[PROVIDED DATA]
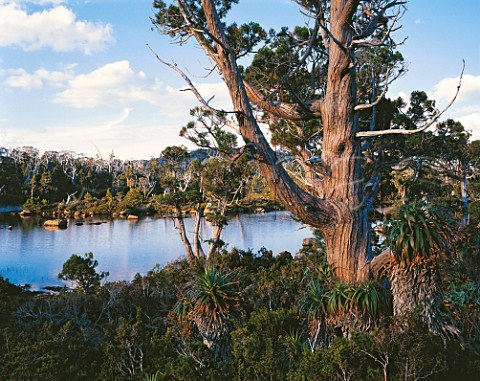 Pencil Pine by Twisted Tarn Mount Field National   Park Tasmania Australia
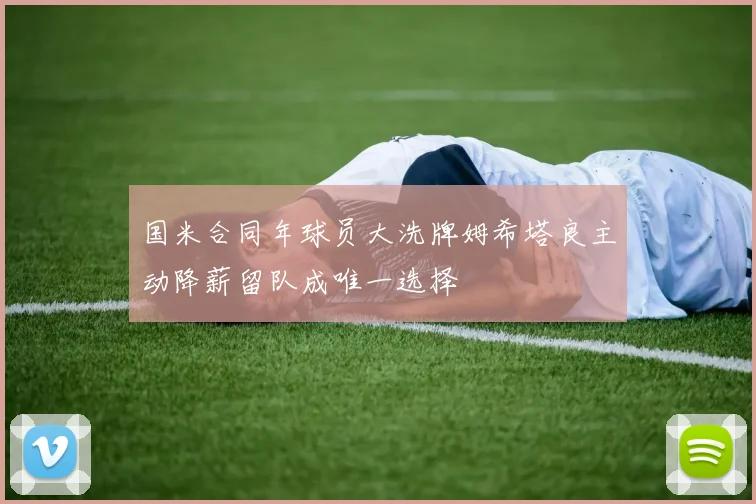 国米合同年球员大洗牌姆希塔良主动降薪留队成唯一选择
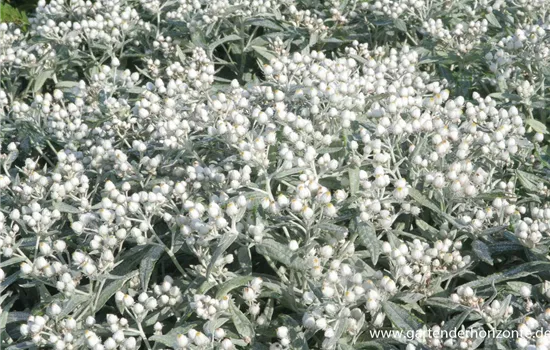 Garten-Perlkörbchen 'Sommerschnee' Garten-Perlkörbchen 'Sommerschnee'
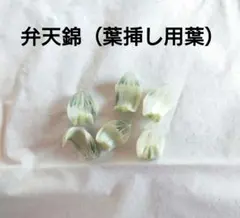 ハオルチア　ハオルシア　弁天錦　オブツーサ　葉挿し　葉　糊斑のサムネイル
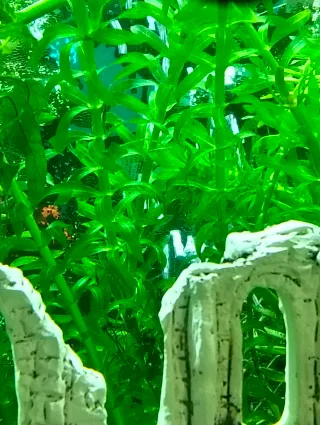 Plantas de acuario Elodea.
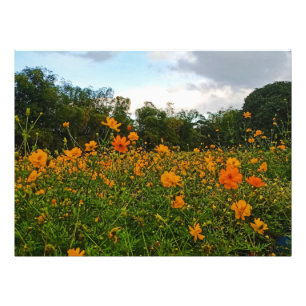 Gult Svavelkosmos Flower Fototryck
[/PROVIDED DATA]
[PROVIDED DATA]
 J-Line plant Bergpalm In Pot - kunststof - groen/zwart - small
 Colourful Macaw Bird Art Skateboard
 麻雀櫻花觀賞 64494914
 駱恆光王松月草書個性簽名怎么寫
[/PROVIDED DATA]
▶ _WHAT TO DO_:
Repeat word for word the lines above that run from the line containing "J-Line plant Bergpalm" through the line containing "駱恆光王松月草書個性簽名怎么寫", both ends included, and nothing else.

▶ _RESPONSE BOX_:
 J-Line plant Bergpalm In Pot - kunststof - groen/zwart - small
 Colourful Macaw Bird Art Skateboard
 麻雀櫻花觀賞 64494914
 駱恆光王松月草書個性簽名怎么寫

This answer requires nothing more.